Ich mach dir am WE mal ein paar Aufnahmen von meiner HD Rohr Lösung.

Gruß Nori


----------



## Blue2002 (18. Apr. 2013)

*AW: Erdkabel verlegen und Strom für Pumpen*



Nori schrieb:


> Ich bin mir nicht sicher, ob eine Funksteckdose dann noch via Funk gesteuert werden kann, wenn das Teil in der Box sitzt.



Naja, oder auch eine Zeitschaltuhr ..... 

.... bin gespannt auf Deine Fotos, danke schonmal


----------



## lollo (18. Apr. 2013)

*AW: Erdkabel verlegen und Strom für Pumpen*



Bachlauf Nord schrieb:


> will ein Erdkabel in den Garten legen,



Hallo,

ich hoffe du meinst wirklich ein Kabel, und nicht irgend eine Leitung, die nicht VDE zugelassen ist. Denn nur ein Kabel (Beisp. NYY) ist für die Verlegung im Erdreich zugelassen und geeignet.
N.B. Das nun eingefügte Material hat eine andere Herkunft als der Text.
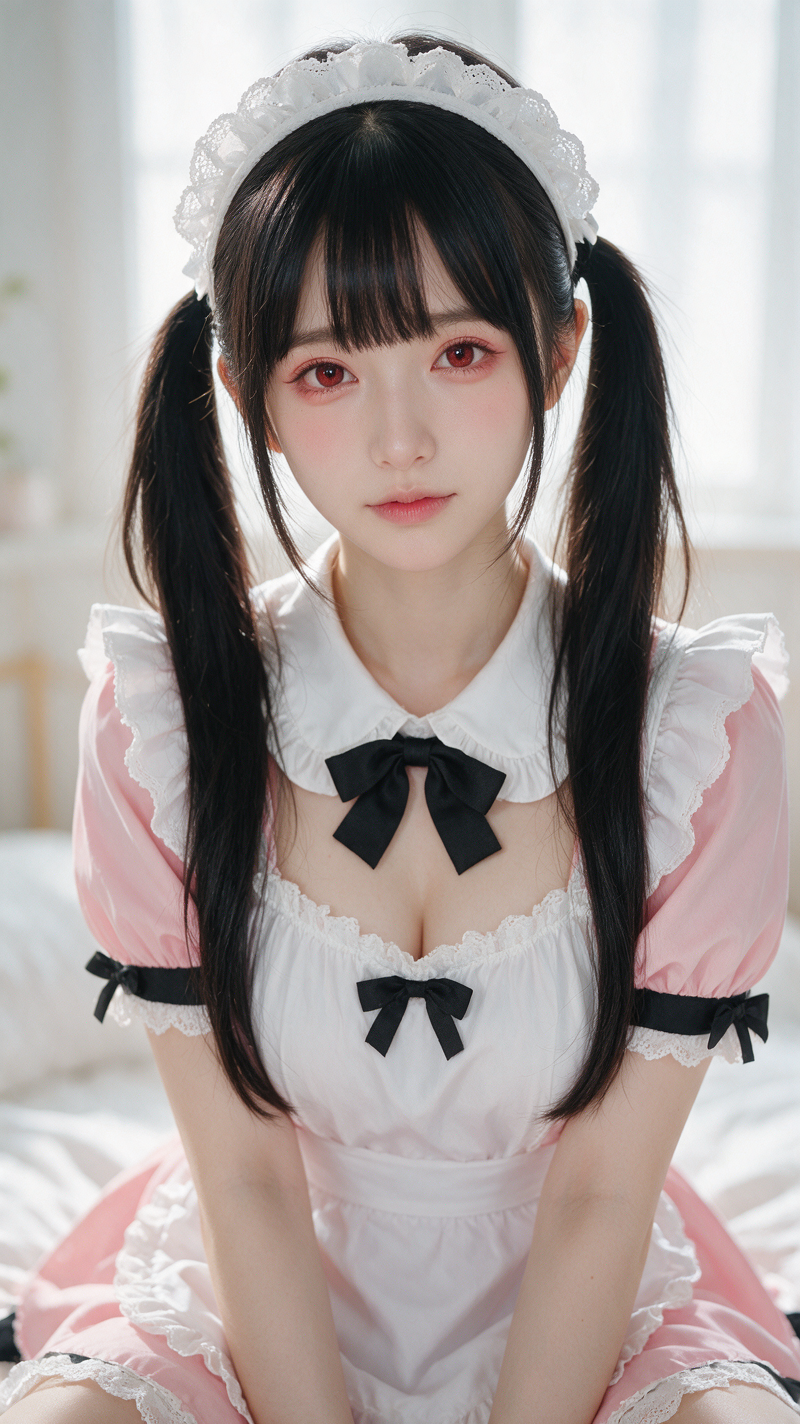女仆少女 示例图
Bedenke auch, bei deinen Steckdosen den Mindestabstand von mindestens 2 m zum Teich einzuhalten.


----------



## lollo (18. Apr. 2013)

*AW: Erdkabel verlegen und Strom für Pumpen*



Blue2002 schrieb:


> Nach dem letztjährigen Überspannungsschaden ist mir das jetzt aber zu unsicher und ich würde gerne eine wasserdichte Abdeckung anbringen



Hallo,

ich denke du meinst eine Schutzkontaktsteckdose für den Außenbereich, diese sollte mindestens nach der Schutzart IP 44 ausgelegt sein, darauf solltest du beim Kauf achten.
Wasserdicht wird eine Steckdose nie sein, den sie besitzt immer ein Ablaufloch für Kondenswasser.
Schutzarten klick hier


----------



## koifischfan (18. Apr. 2013)

*AW: Erdkabel verlegen und Strom für Pumpen*



> Watt = Volt mal Ampere, so lautet die Physik . Nehme ich eine 20 A Sicherung
> ergibt sich  ergäbe das 20x220  -> 4400 Watt also nix mit 3000.


Gut aufgepaßt. Du bist also auch vom Fach?
Eine Schukosteckdose wird niemals mit 20A abgesichert. Darum, 16 x 230 = ca 3000.



> Denn nur ein Kabel (Beisp. NYY) ist für die Verlegung im Erdreich zugelassen und geeignet.


Richtig. Wird der Bereich über dem Kabel befahren, muß 80cm tief verlegt werden, ansonsten reichen 60cm. Soweit die Vorschrift. 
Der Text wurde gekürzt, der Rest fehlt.